--- EXERCISE DATA ---

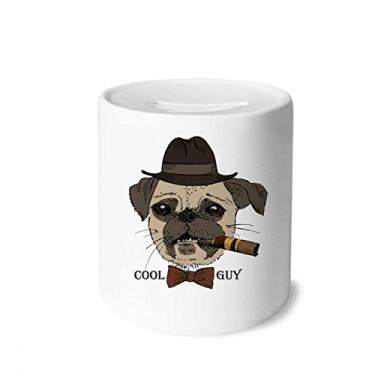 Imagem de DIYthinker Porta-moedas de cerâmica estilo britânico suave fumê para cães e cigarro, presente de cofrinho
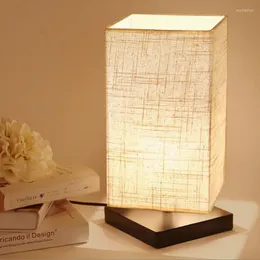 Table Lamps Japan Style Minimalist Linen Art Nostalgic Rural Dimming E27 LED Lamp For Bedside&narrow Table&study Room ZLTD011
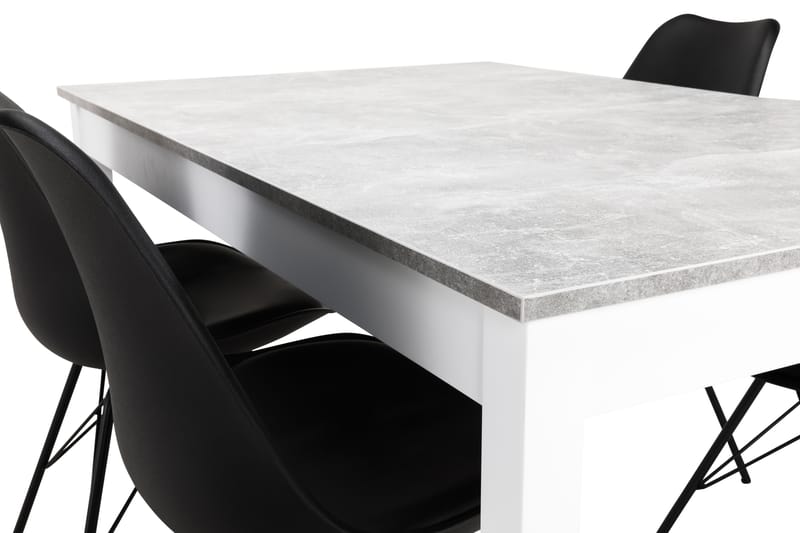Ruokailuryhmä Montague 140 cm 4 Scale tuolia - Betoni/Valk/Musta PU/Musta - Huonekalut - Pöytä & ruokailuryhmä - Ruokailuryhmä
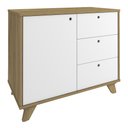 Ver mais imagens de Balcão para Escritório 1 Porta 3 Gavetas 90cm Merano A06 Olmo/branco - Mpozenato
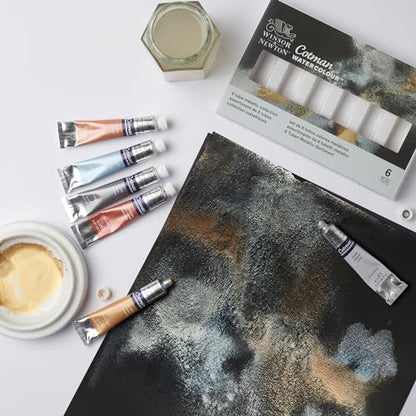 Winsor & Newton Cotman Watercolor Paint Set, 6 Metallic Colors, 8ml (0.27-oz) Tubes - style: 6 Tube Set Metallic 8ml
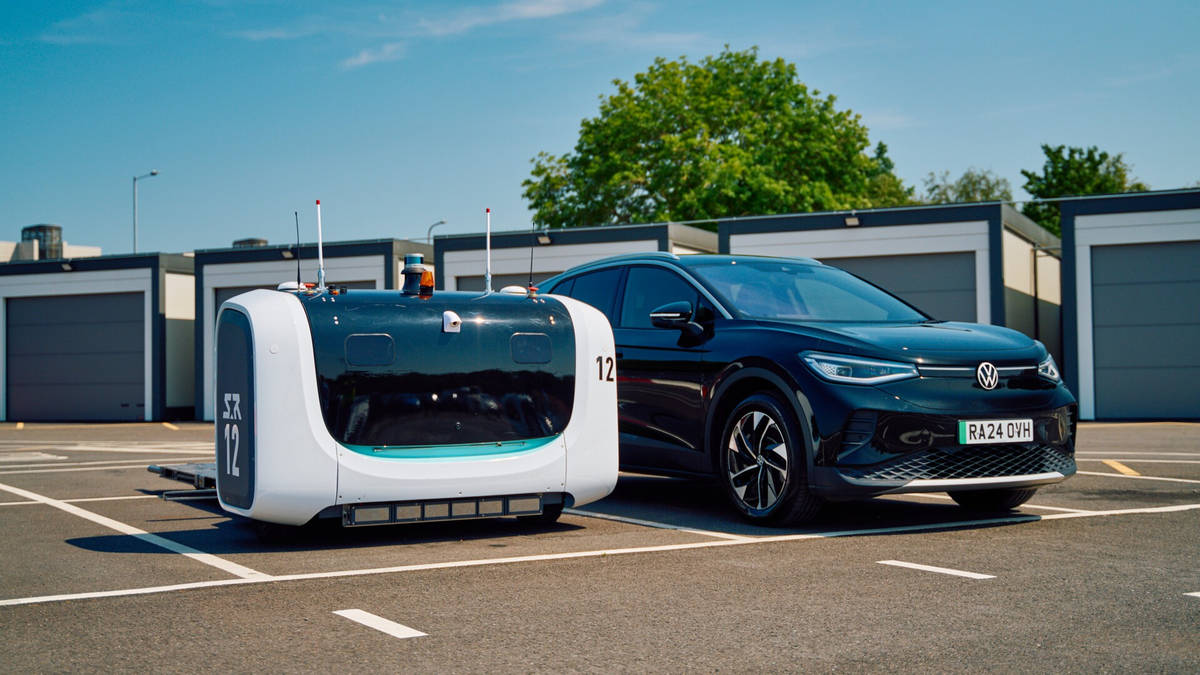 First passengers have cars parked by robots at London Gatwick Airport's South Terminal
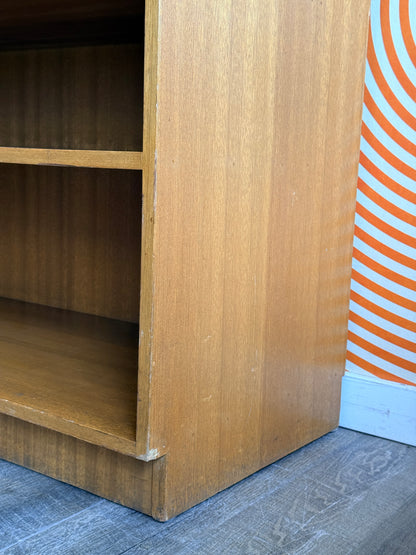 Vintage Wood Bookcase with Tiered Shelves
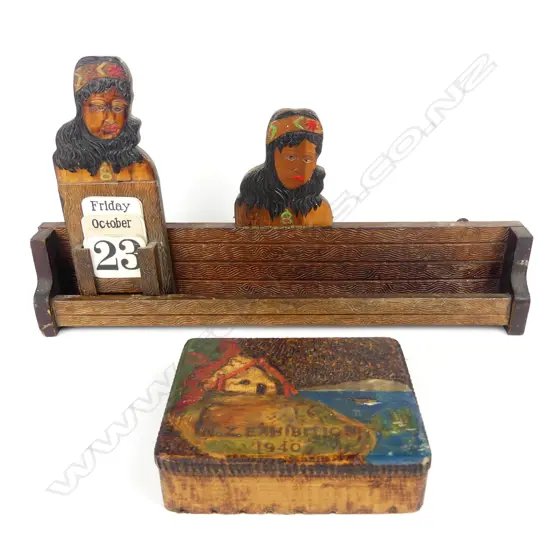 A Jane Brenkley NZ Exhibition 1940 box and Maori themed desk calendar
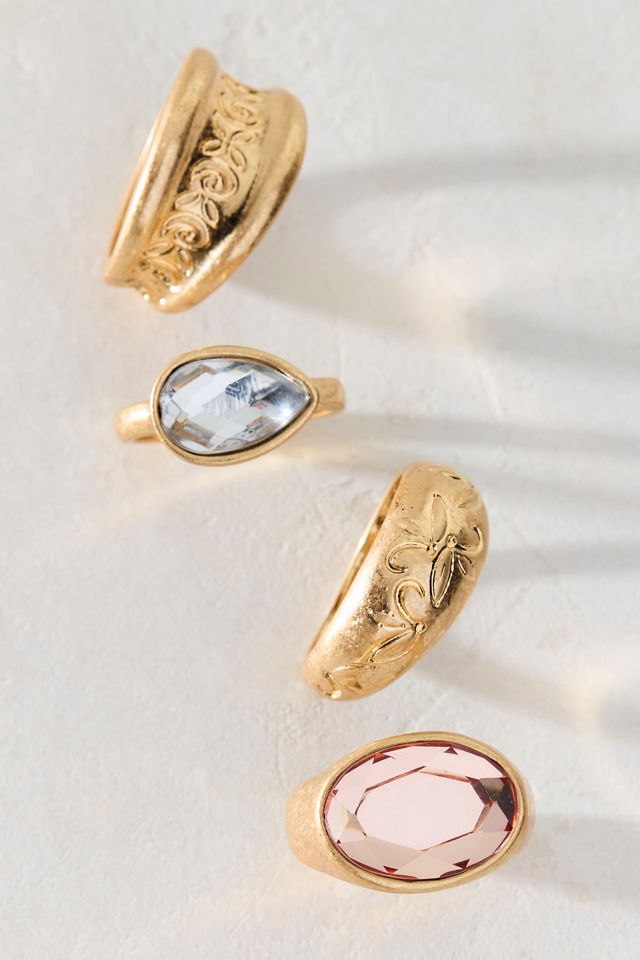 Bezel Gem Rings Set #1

---

EXERCISE DETAILS =
A verbatim copy of the records is expected, from their first line through the line with "Ruokailuryhmä Montague 140", inclusive, with the pictures removed.

YOUR RESPONSE =
 Imagem de DIYthinker Porta-moedas de cerâmica estilo britânico suave fumê para cães e cigarro, presente de cofrinho
 Table Lamps Japan Style Minimalist Linen Art Nostalgic Rural Dimming E27 LED Lamp For Bedside&narrow Table&study Room ZLTD011
Ruokailuryhmä Montague 140 cm 4 Scale tuolia - Betoni/Valk/Musta PU/Musta - Huonekalut - Pöytä & ruokailuryhmä - Ruokailuryhmä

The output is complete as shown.